Akar masalahnya bukan lantaran mereka tidak mampu meningkatkan pelayanan kepada konsumen, tapi akibat kebijakan yang tidak berorientasi pada kepentingan penumpang, misalnya keharusan pemberangkatan penumpang dari Terminal Pulogebang di Jakarta Timur, yang lokasinya jauh dari tempat tinggal penumpang yang umumnya di pinggiran.

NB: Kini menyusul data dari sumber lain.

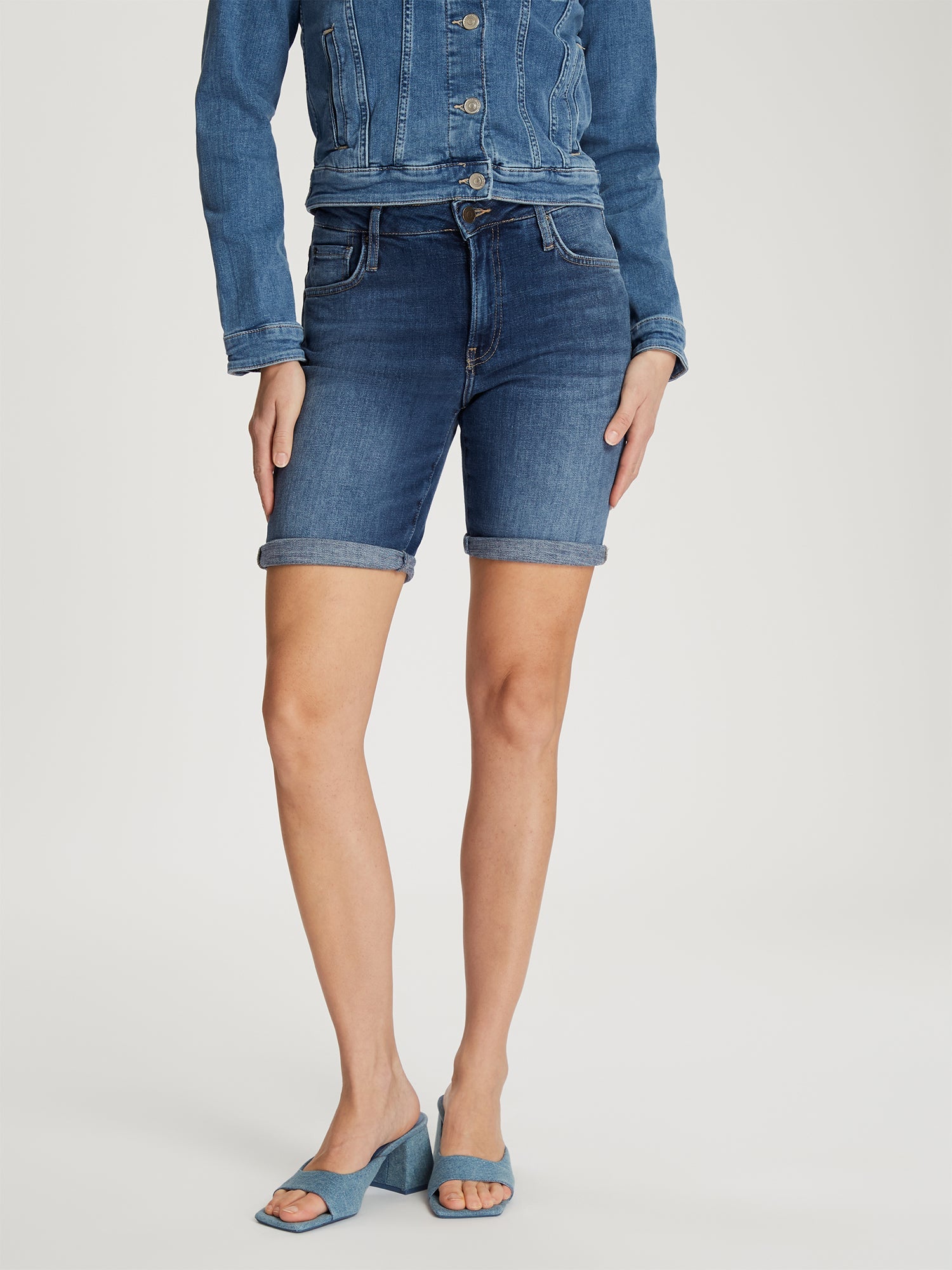 CROSS JEANS Brooke Shorts - Deep Indigo Haze - A619-010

Keharusan pemberangkatan penumpang dari Terminal Pulogebang itu telah menimbulkan beban tersendiri bagi calon penumpang bus AKAP, baik dari segi waktu, energi, maupun biaya. Pada akhirnya hal itu membuat mereka malas untuk menggunakan bus AKAP dan mencari alternatif lain, termasuk angkutan omprengan yang ilegal, tapi mudah diakses dan jauh lebih efisien.
Taruhlah contoh bila calon penumpang itu bertempat tinggal di Ciledug, Cikunir, Lebakbulus, Bintaro, Pondok Pinang, Ciputat, Pamulang, Depok, Daan Mogot, Jelambar, Cengkareng, Pluit, dan sebagainya. Kemudian mereka harus naik bus dari Pulogebang jika ingin pergi ke Tegal, Pekalongan, Pemalang, Semarang, Salatiga, Purwokerto, Yogyakarta, Wonosari, Solo, Wonogiri, Ngawi, dan kota-kota lain di Jawa Tengah dan Jawa Timur.
Bayangkan saja, berapa waktu yang harus mereka butuhkan dan berapa rupiah dana yang harus mereka keluarkan untuk sampai ke Terminal Pulogebang. Sementara itu, penumpang bus AKAP tersebut sudah terlalu capek kerja fisik dan uang mereka cekak.
Oleh karena itu, daripada mereka naik bus AKAP yang untuk bisa naiknya harus ke Terminal Pulogebang, lebih baik naik omprengan yang bisa didapatkan di dekat rumah dan dapat mengantarkan mereka sampai tujuan dengan mudah.
Perencanaan masa lalu
Terminal Pulogebang ini memang dirancang menjadi terminal terpadu dan selalu dibanggakan bakal menjadi terminal termegah di ASEAN.